The place of the modelling axis within the IMAGINE team is located upstream of the therapeutic act. More specifically, the research area of this axis concerns the study of the control / shape / function relationship within the neuro-musculoskeletal system (NMS) in order to support therapeutic decision-making and the evaluation of therapies. The starting point of this axis is the acquisition of multimodal spatial and temporal data and the corresponding processing methods. In a second step, we aim at developing new 3D+t modelling techniques in a patient-specific approach to support therapeutic decision-making.
The neuro-musculoskeletal system (NMS) is defined as the set of organs involved in the production of motor skills, movement, and thus function (walking, running, catching, etc.). It therefore includes the neurological system at the origin of motor skills (brain, spinal cord, nerve, etc.) and on a more "peripheral" level the musculoskeletal system (bones, joints, cartilage, muscles, tendons, etc.). It is original, but natural, to think of this device leading to movement and function as an indivisible whole on a physiological and theoretical level.

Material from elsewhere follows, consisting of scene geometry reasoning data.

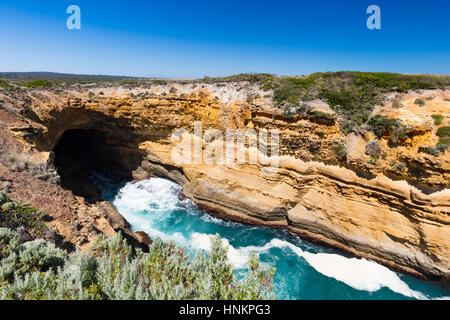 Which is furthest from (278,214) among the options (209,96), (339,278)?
(209,96)

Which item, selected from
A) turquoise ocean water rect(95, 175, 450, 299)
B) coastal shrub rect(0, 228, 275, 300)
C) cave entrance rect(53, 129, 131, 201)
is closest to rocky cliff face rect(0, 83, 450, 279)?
A: turquoise ocean water rect(95, 175, 450, 299)

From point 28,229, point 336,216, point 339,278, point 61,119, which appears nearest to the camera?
point 28,229

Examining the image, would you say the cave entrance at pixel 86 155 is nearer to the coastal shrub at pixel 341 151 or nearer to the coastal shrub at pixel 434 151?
the coastal shrub at pixel 341 151

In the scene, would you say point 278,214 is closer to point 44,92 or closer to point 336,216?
point 336,216

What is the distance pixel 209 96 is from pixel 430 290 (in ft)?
72.2

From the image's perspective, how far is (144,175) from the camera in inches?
1093

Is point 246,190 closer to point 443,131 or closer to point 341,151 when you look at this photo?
point 341,151

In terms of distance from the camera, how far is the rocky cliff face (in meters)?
13.9

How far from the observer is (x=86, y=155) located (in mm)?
30047

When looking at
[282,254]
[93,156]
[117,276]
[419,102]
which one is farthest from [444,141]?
[93,156]

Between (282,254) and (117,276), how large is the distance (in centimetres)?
1406

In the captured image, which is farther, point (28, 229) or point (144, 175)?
point (144, 175)

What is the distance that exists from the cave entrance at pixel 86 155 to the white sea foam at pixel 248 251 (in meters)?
5.26

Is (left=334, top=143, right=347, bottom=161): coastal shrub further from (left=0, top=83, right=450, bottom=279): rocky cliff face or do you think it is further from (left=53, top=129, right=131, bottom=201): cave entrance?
(left=53, top=129, right=131, bottom=201): cave entrance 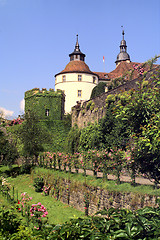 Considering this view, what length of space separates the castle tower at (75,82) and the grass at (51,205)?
25.8m

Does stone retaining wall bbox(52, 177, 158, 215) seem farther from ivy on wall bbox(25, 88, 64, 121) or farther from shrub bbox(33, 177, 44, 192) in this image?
ivy on wall bbox(25, 88, 64, 121)

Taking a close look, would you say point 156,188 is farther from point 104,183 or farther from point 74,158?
point 74,158

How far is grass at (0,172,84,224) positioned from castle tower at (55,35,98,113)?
1015 inches

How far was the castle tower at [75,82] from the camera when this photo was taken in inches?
1817

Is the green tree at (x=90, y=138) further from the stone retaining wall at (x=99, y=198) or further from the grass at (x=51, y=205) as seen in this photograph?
the stone retaining wall at (x=99, y=198)

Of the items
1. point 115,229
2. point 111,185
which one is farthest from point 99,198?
point 115,229

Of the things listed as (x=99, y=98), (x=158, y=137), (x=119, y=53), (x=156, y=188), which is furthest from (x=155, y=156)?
(x=119, y=53)

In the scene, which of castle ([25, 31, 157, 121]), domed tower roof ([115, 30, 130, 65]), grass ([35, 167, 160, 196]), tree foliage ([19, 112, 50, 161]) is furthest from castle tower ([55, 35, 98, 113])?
grass ([35, 167, 160, 196])

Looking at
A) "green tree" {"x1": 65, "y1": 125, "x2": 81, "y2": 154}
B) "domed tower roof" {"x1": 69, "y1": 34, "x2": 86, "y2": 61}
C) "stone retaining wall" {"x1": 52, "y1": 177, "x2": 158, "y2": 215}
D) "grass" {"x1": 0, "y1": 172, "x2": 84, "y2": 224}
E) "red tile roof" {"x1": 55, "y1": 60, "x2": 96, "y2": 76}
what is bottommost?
"grass" {"x1": 0, "y1": 172, "x2": 84, "y2": 224}

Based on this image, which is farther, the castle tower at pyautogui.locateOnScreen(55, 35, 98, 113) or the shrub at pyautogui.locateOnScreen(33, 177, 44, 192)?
the castle tower at pyautogui.locateOnScreen(55, 35, 98, 113)

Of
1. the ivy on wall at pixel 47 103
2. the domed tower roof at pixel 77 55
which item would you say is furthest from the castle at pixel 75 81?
the ivy on wall at pixel 47 103

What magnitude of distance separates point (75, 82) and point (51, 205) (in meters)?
34.0

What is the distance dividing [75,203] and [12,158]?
12853 millimetres

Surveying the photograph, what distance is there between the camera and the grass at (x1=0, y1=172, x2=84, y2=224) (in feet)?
39.2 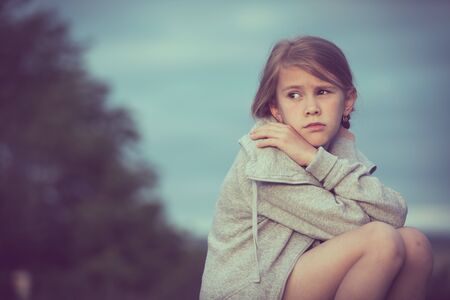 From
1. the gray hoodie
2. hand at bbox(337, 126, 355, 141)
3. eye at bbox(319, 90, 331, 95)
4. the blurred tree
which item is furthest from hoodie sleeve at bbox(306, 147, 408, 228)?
the blurred tree

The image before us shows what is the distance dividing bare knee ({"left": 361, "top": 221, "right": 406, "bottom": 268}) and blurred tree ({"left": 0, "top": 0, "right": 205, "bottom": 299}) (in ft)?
46.2

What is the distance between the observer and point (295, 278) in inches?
117

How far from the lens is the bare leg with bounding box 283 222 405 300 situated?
109 inches

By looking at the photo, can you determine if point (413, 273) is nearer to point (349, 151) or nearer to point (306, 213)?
point (306, 213)

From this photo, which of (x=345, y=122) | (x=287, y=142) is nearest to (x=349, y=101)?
(x=345, y=122)

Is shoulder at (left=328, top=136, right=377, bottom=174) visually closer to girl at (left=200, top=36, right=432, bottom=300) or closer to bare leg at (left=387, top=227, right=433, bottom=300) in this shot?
girl at (left=200, top=36, right=432, bottom=300)

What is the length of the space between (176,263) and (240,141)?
1606cm

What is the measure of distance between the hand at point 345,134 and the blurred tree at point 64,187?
44.3 feet

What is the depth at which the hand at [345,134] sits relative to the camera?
3490mm

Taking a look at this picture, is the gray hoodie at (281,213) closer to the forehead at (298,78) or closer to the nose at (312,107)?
the nose at (312,107)

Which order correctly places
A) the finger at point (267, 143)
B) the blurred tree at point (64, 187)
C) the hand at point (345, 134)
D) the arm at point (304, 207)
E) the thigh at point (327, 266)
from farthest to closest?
the blurred tree at point (64, 187) → the hand at point (345, 134) → the finger at point (267, 143) → the arm at point (304, 207) → the thigh at point (327, 266)

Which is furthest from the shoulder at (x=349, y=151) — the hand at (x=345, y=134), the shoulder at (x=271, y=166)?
the shoulder at (x=271, y=166)

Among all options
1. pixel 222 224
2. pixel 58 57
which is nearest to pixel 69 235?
pixel 58 57

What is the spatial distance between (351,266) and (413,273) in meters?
0.24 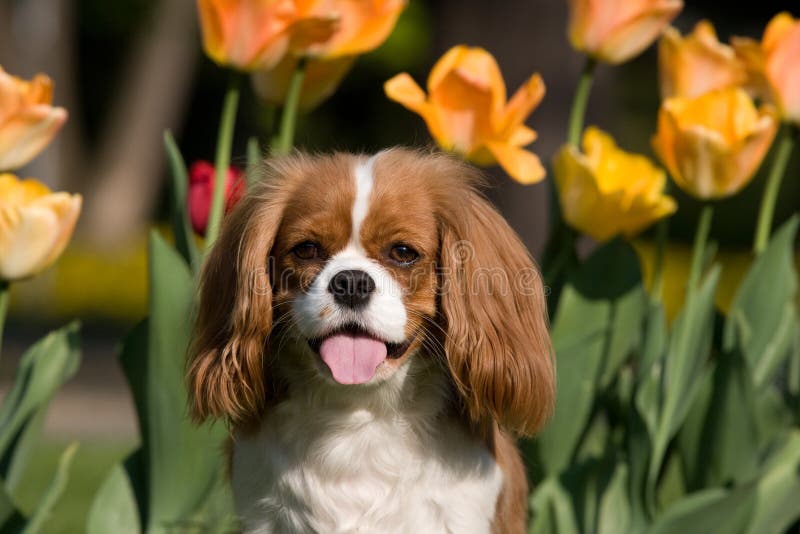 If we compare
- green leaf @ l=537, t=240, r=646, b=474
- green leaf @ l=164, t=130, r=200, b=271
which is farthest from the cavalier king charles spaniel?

This vision is directly related to the reality of patients with so-called "neuro-orthopedic" pathologies (Cerebral Vascular Accident, Head Injury, Cerebral Palsy, etc.) but also to the health problems presented by patients with only one NMS system disease such as purely muscular (myopathy) or orthopedic (hip or shoulder arthritis) diseases. Lesions in the NMS system are varied: central lesions (motor control disorders, hypo or even hyper activation of muscles,...), muscular disorders (atrophy, fibrosis and muscle retraction), lesions of the skeletal system (bone and joint deformities, arthrosis, cartilage). They all have the same consequence: an impairment of the motor function. The complexity of these lesions requires a stage of pathophysiological understanding at the level of the pathology but especially at the level of the individual for whom a therapeutic decision (rehabilitation, surgery) must be taken. For example, equinus gait (i.e. on tiptoe), one of the most common walking disorders in stroke or cerebral palsy, gradually induces a disorder of the bone shape of the ankle/foot complex and a retraction of the triceps muscle which in turn induces a more pronounced walking disorder. Restoring a physiological gait involves understanding the musculoskeletal shape (imaging), function (motion analysis) and motor control (peripheral EMG). This combination of signals allows the links between motor control, 3D anatomical/geometric shape and 3D motion/product function to be finely explored.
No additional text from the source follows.